Provided records START

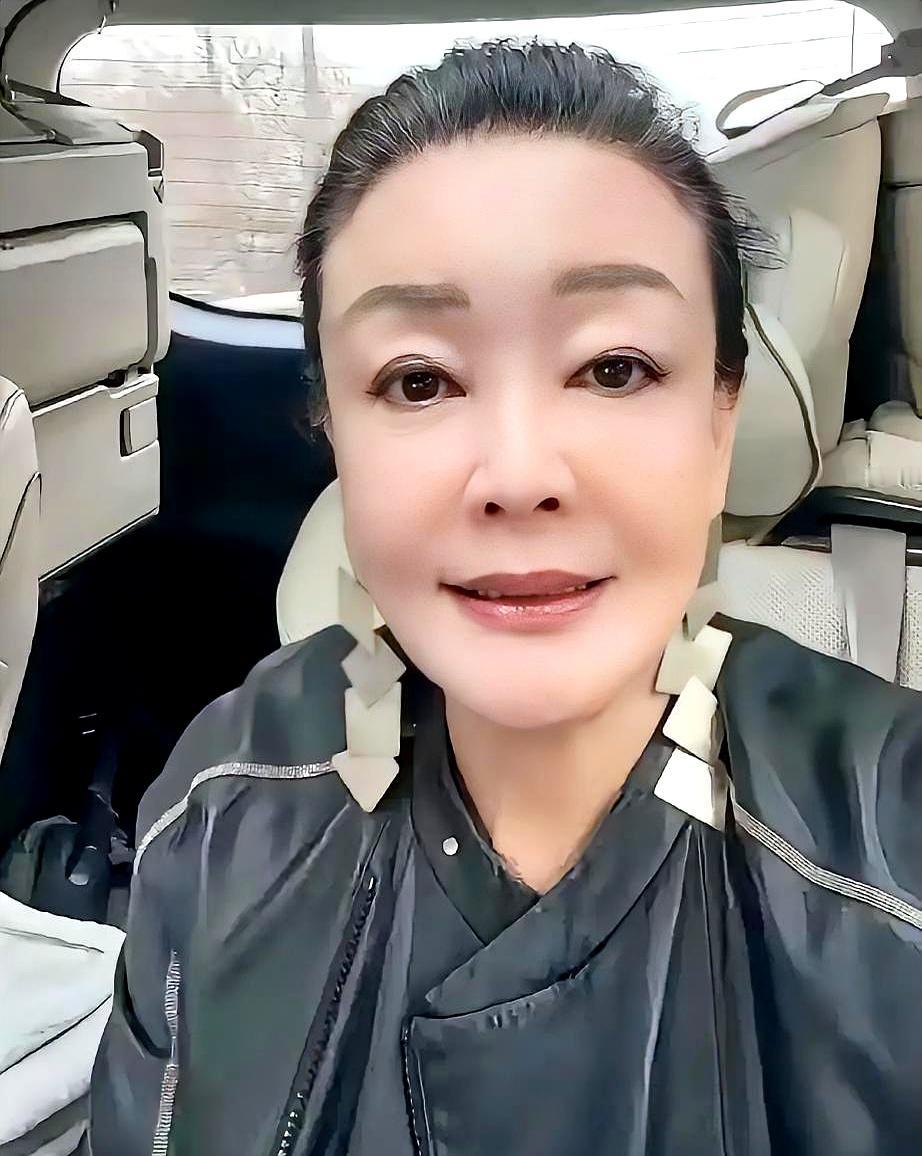 你们觉得小玥玥姐弟俩能不能来北京读书？这事马筱梅说了管用吗？说白了根本轮不到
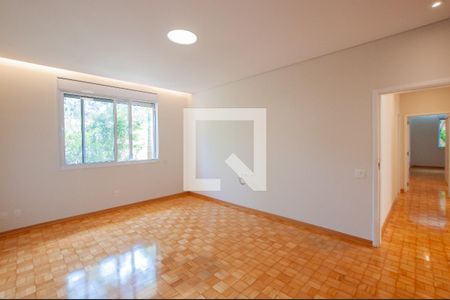 Casa à venda com 451m², 5 quartos e 6 vagas Casa à venda com 451m², 5 quartos e 6 vagasQuarto 2 - Suíte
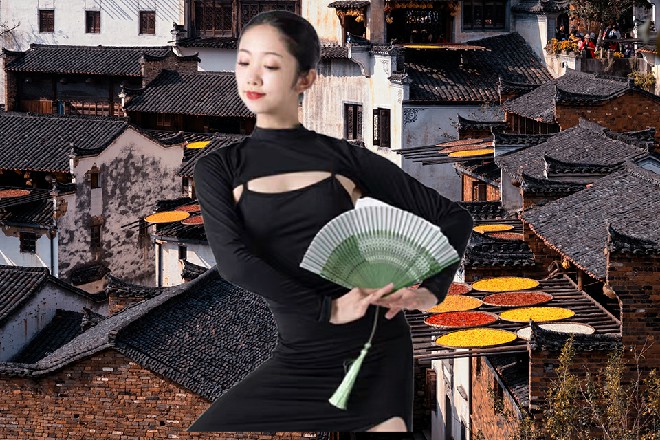 艾伦抬起头来，望着远处的堡垒，漂亮的眉黛跟着皱了起来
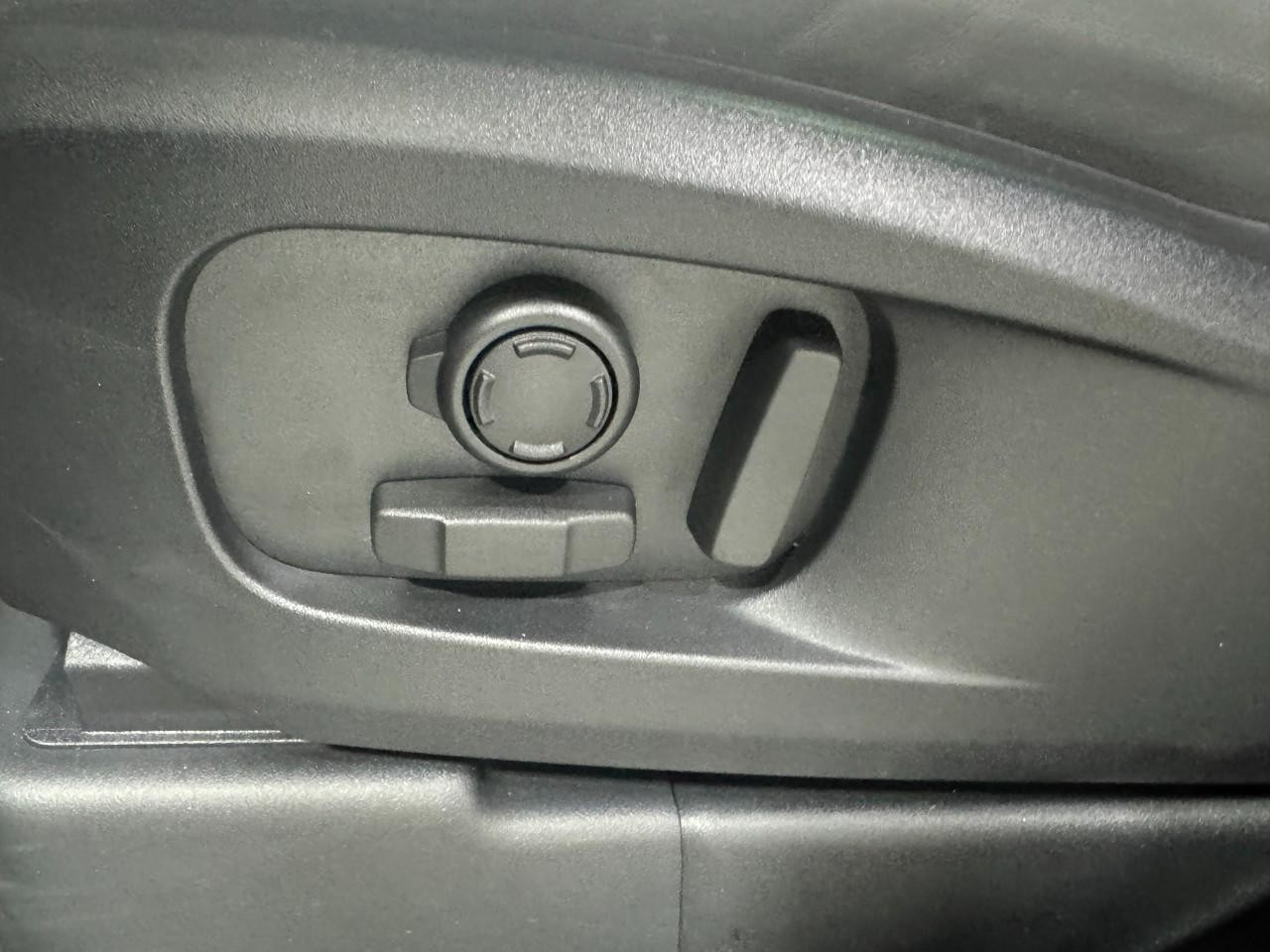 Land Rover Defender Vehicle Full-screen Gallery Image 27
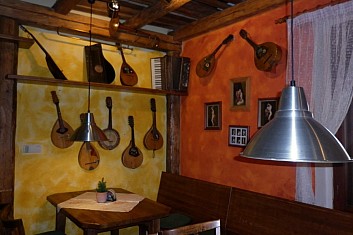 V restauraci bylo nepřeberné množství hudebních nástrojů (JR)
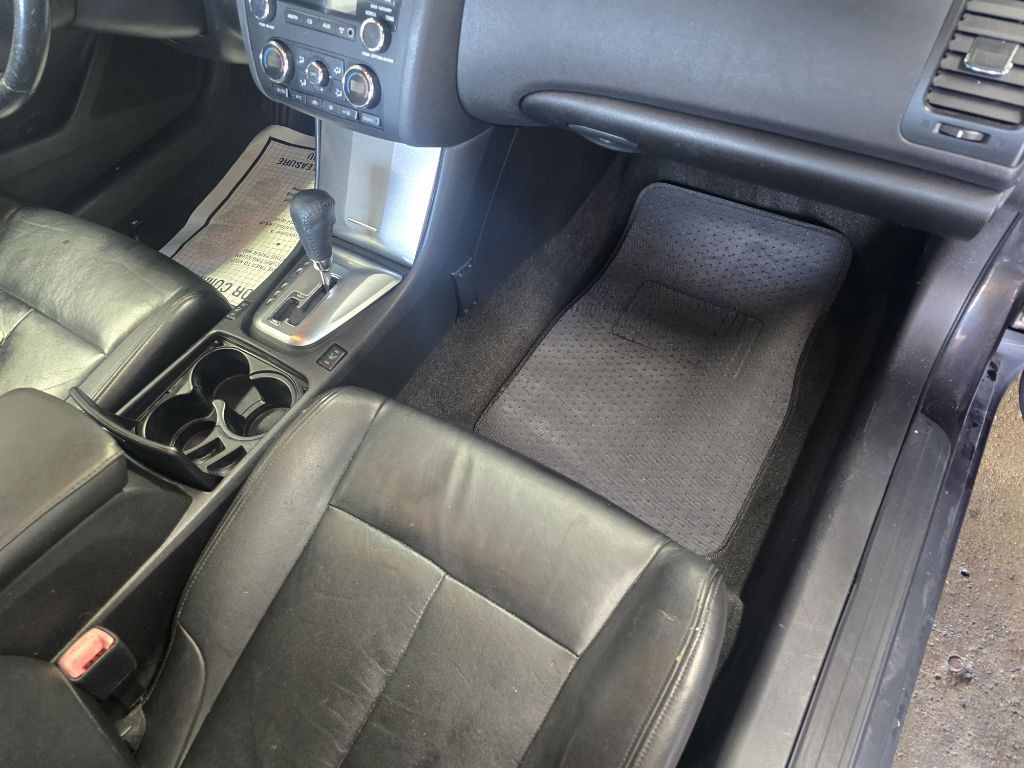2011 Nissan Altima Image 10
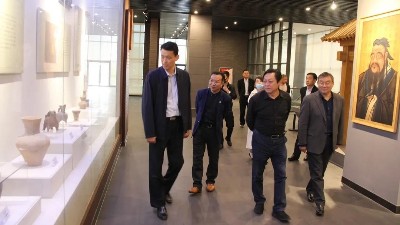 泰安市工信局領(lǐng)導來公司考察 人才梯次培育工程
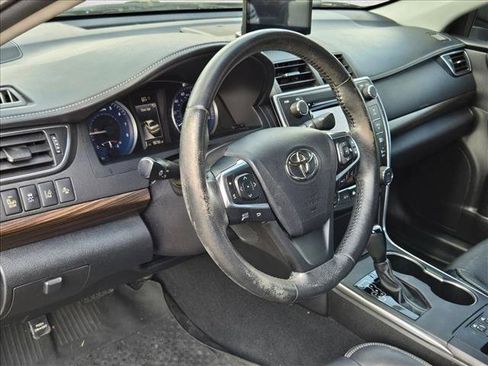 Used 2015 Toyota Camry XLE image 5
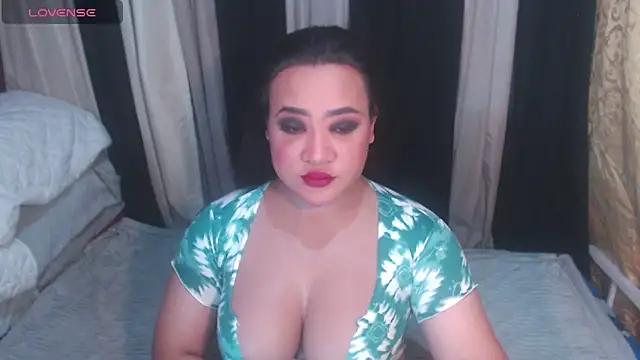 Snapshot of Hotcum_ella chatting on 20, 4, 2026 Hotcum ella online show from 20, 4, 2026
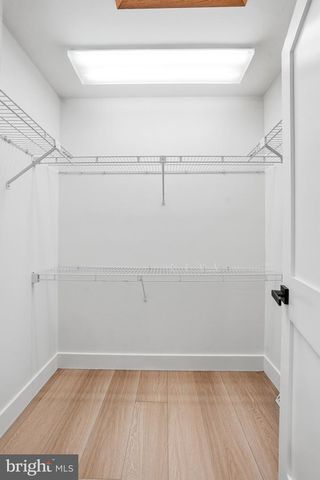 1025 RIVERTON RD, Moorestown, NJ 08057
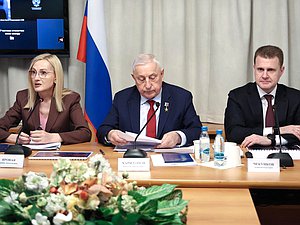 Заместитель Председателя ГД Ирина Яровая, Председатель Комитета по развитию Дальнего Востока и Арктики Николай Харитонов и Министр по развитию Дальнего Востока и Арктики Алексей Чекунков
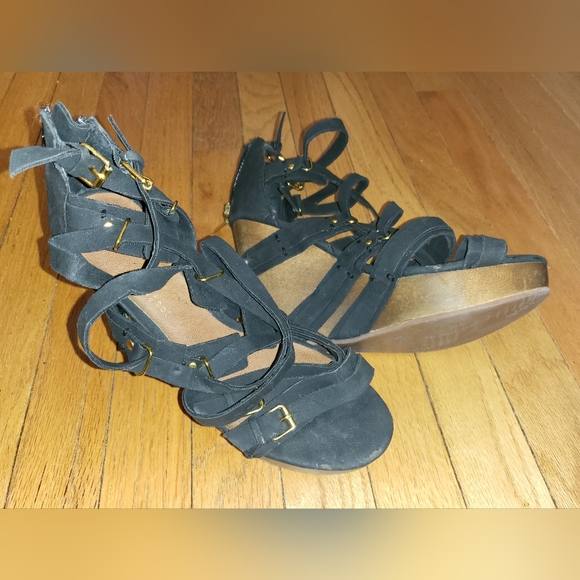 Matt Bernson 'Marion' Black Strappy Vegan Leather Platform Wedges  - Size 8 - Picture 7 of 10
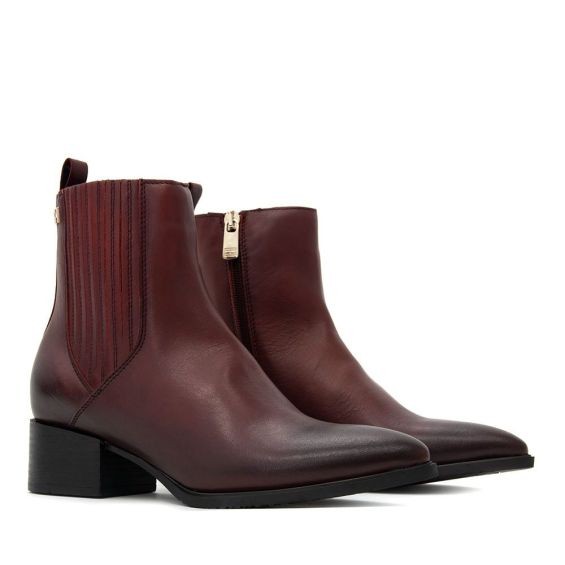 Shaded Leather Flat Boot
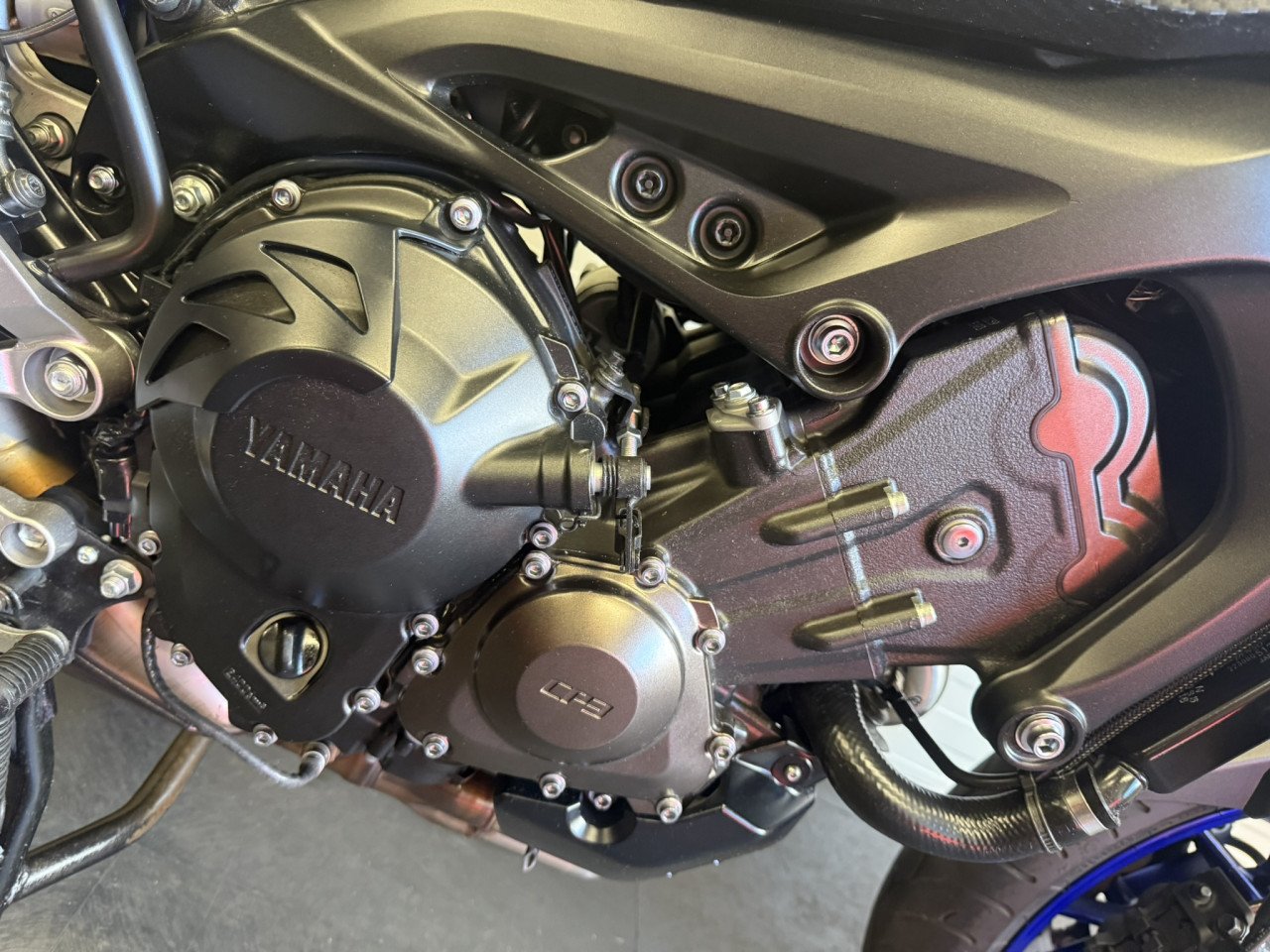 Zeer goed onderhouden en nette Yamaha Tracer 900!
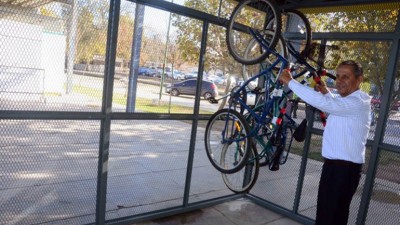 Neuquén: Desde este fin de semana, se podrán usar bicis gratis en el Paseo de la Costa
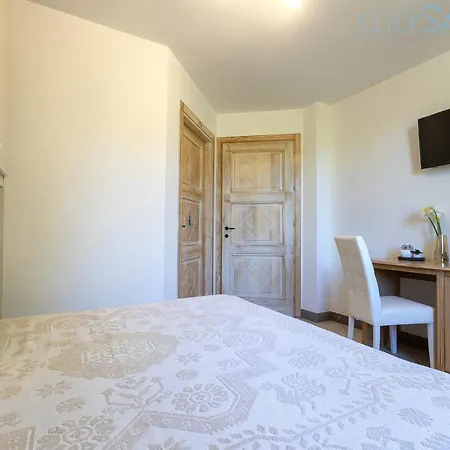 Janas Luxury Surrounded By Large Park, Swimming Pool, Parking And Wifi Villa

Provided records END

• Exercise details:
Set down the data exactly as it appears, without any images.

• Reply to the task:
 你们觉得小玥玥姐弟俩能不能来北京读书？这事马筱梅说了管用吗？说白了根本轮不到
 Casa à venda com 451m², 5 quartos e 6 vagas Casa à venda com 451m², 5 quartos e 6 vagasQuarto 2 - Suíte
 艾伦抬起头来，望着远处的堡垒，漂亮的眉黛跟着皱了起来
 Land Rover Defender Vehicle Full-screen Gallery Image 27
 V restauraci bylo nepřeberné množství hudebních nástrojů (JR)
2011 Nissan Altima Image 10
 泰安市工信局領(lǐng)導來公司考察 人才梯次培育工程
 Used 2015 Toyota Camry XLE image 5
 Snapshot of Hotcum_ella chatting on 20, 4, 2026 Hotcum ella online show from 20, 4, 2026
 1025 RIVERTON RD, Moorestown, NJ 08057
 Заместитель Председателя ГД Ирина Яровая, Председатель Комитета по развитию Дальнего Востока и Арктики Николай Харитонов и Министр по развитию Дальнего Востока и Арктики Алексей Чекунков
 Matt Bernson 'Marion' Black Strappy Vegan Leather Platform Wedges  - Size 8 - Picture 7 of 10
 Shaded Leather Flat Boot
 Zeer goed onderhouden en nette Yamaha Tracer 900!
 Neuquén: Desde este fin de semana, se podrán usar bicis gratis en el Paseo de la Costa
 Janas Luxury Surrounded By Large Park, Swimming Pool, Parking And Wifi Villa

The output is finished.